Study finds newly insured will not make up for ACA cuts to Disproportionate Share Hospitals
The expansion of health insurance under the Affordable Care Act (ACA) should mean fewer uninsured patients at Disproportionate Share Hospitals (DSHs), but estimates for just how many fewer such patients would need care might have been overly optimistic finds a new study on California hospitals appearing in Health Affairs.
Under the ACA, in 2019, DSHs will receive considerably less Federal funding for uncompensated care because the ACA’s authors expected that by then, the expansion of Medicaid and the individual insurance mandate would mean fewer uninsured patients and more privately insured patients who could generate profits that would help cover the cost of the remaining uninsured.
The problem with that rationale is that undocumented immigrants, patients in states that do not expand Medicaid and patients who opt out or simply fail to sign up for health insurance will still be out there in large numbers. By the researchers’ estimates, as many as 4 million in California and 30 million nationwide will still lack insurance in 2019, when the DSH cuts go into effect.
In addition, newly privately insured patients may prefer to get care at non-DSH facilities and this would limit safety-net hospitals’ ability to use profits from private health plan patients to cover losses from the uninsured and low Medicare payments.
Researchers from the UCLA Center for Health Policy Research and Virginia Commonwealth University attempted to estimate what the net impact of the DSH cuts and the expansion of health insurance would be on California’s safety-net hospitals and concluded that starting in 2019, these institutions could face a shortfall of $1.54 billion.
Their analysis, published in the June issue of Health Affairs, was based on the California Simulation of Insurance Markets (CalSIM), a modeling tool created by the UCLA Center for Health Policy Research and the UC Berkeley Center for Labor Research and Education that draws on a wide range of official data sources, including the California Health Interview Survey, to estimate the impact of various elements of the ACA in California.
Complicating matters further is that the uninsured are not spread evenly across the state or the nation.
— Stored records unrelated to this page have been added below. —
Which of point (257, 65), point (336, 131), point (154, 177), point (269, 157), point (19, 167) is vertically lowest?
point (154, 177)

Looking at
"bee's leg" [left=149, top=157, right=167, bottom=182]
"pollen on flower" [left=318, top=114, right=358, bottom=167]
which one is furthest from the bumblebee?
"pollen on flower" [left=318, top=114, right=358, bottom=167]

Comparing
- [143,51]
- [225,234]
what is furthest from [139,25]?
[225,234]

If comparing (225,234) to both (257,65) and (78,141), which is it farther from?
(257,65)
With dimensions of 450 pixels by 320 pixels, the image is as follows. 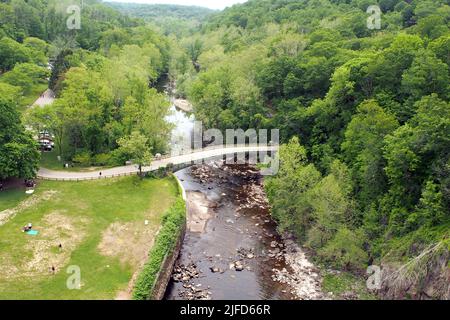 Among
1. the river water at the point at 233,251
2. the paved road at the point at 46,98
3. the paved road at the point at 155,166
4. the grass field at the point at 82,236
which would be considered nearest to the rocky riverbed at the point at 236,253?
the river water at the point at 233,251

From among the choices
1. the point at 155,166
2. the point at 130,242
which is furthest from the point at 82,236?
the point at 155,166

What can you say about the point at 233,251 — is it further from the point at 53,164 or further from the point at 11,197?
the point at 53,164

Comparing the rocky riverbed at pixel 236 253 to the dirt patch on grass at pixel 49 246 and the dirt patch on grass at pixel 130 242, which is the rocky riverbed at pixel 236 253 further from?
the dirt patch on grass at pixel 49 246

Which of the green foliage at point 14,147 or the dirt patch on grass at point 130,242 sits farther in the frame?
the green foliage at point 14,147

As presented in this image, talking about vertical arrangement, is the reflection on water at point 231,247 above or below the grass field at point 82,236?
below

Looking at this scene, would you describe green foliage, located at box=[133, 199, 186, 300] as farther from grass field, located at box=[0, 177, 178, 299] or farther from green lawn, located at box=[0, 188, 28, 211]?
green lawn, located at box=[0, 188, 28, 211]

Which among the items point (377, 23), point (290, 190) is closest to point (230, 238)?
point (290, 190)

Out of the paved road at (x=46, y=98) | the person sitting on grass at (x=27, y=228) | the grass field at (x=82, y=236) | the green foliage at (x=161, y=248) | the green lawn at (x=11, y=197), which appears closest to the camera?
the grass field at (x=82, y=236)

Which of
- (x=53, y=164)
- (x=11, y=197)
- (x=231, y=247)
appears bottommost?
(x=231, y=247) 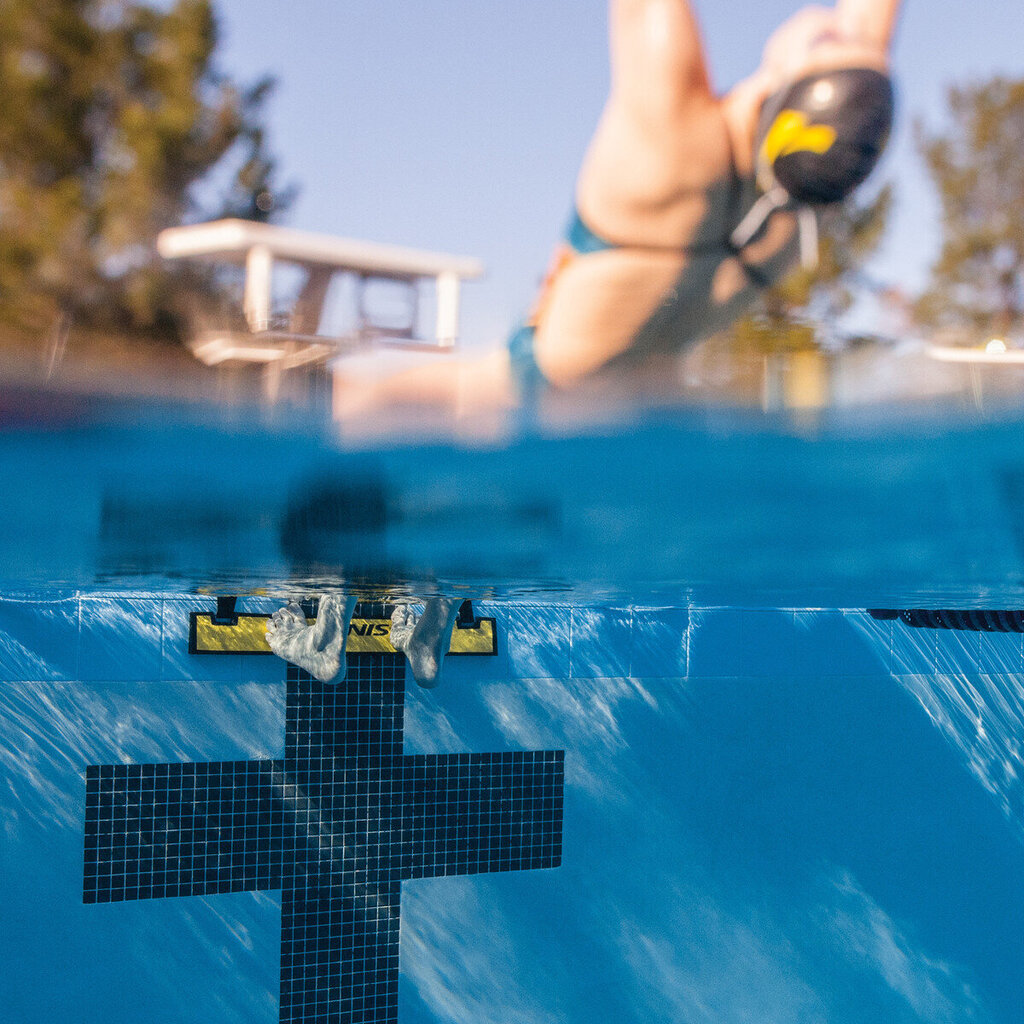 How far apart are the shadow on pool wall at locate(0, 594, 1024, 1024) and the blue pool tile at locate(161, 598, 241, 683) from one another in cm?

In California, they are concentrated in counties with high numbers of undocumented immigrants, who are ineligible for Medi-Cal, the state’s Medicaid program. Nationally, the uninsured will be predominantly in states that do no expand Medicaid.
A study released by the Colorado Hospital Association the same day as the Health Affairs research was published found that hospitals in states that chose to expand Medicaid under the Affordable Care Act saw more Medicaid patients and fewer self-pay and charity care cases in the first quarter of the year. In expansion states, hospitals on average saw the Medicaid proportion of total charges increase 29 percent from the same time period last year, while self-pay and charity care fell 25 percent and 30 percent respectively. But in non-expansion states, the numbers of self-pay and charity care patients remained the same.
"As challenging as these cuts will be for safety-net hospitals in California, they will be much worse in other states," stated study lead author Katherine Neuhausen, a clinical assistant professor at Virginia Commonwealth University and Robert Wood Johnson Foundation Clinical Scholar at UCLA, in a press release. "Safety-net hospitals in states that do not expand Medicaid and those in states that do not target DSH payments to the hospitals with the greatest need could be in jeopardy."
California targets its DSH payments to just 21 public institutions that see the largest numbers of uninsured and Medi-Cal patients. According to the researchers’ model of the likely impact of the DSH cuts, payments to these and other safety-net hospitals would drop by more than half and leave them short $1.38 billion to $1.54 billion in funding in 2019.
To help prevent these institutions from possibly going under or becoming “destabilized” by such a large funding loss, the authors recommend that California continue to make sure DSH payments are targeted to the safety-net hospitals that serve the most uninsured and Medi-Cal patients, as well as continue with plans to pay higher reimbursement rates to safety-net hospitals for people who are newly eligible for Medi-Cal. Other states may also wish to make similar changes. In addition, DSH hospitals in non-Medicaid expansion states might also need additional county and state subsidies.